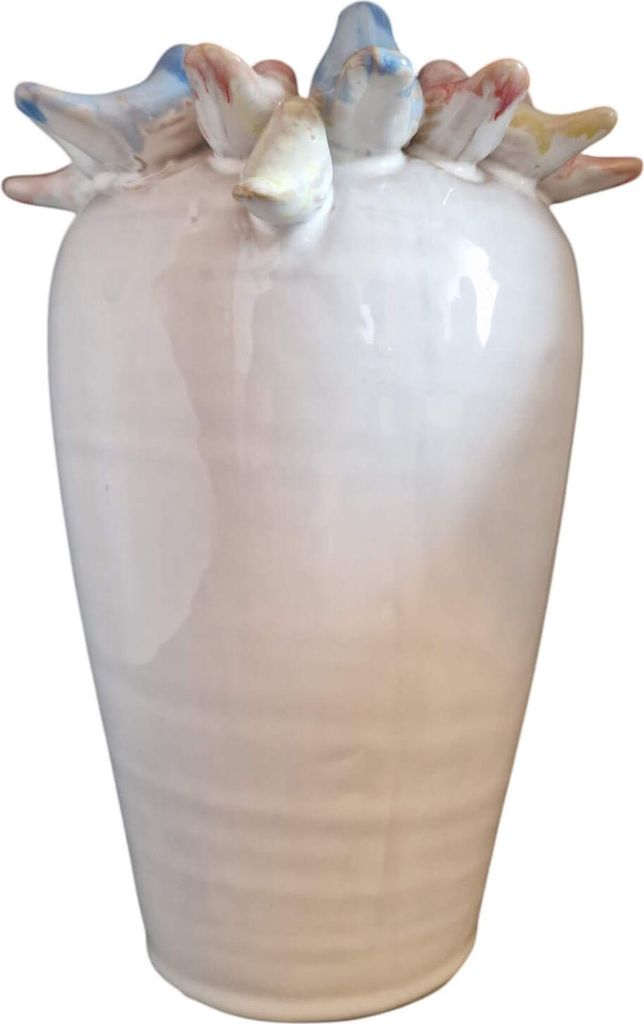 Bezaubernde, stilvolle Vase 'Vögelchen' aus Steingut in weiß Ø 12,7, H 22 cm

----------

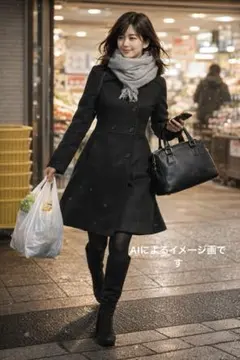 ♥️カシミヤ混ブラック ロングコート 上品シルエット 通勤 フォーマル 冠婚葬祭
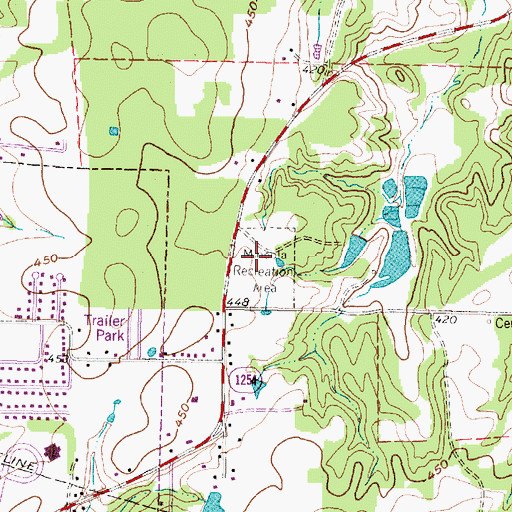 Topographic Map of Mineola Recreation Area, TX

----------

Requirement: Above are some entries; copy exactly the lines from the line with "通勤 フォーマル 冠婚葬祭" through the line with "Topographic Map of", both included, but none of the pictures.

Expected answer:
 ♥️カシミヤ混ブラック ロングコート 上品シルエット 通勤 フォーマル 冠婚葬祭
 Topographic Map of Mineola Recreation Area, TX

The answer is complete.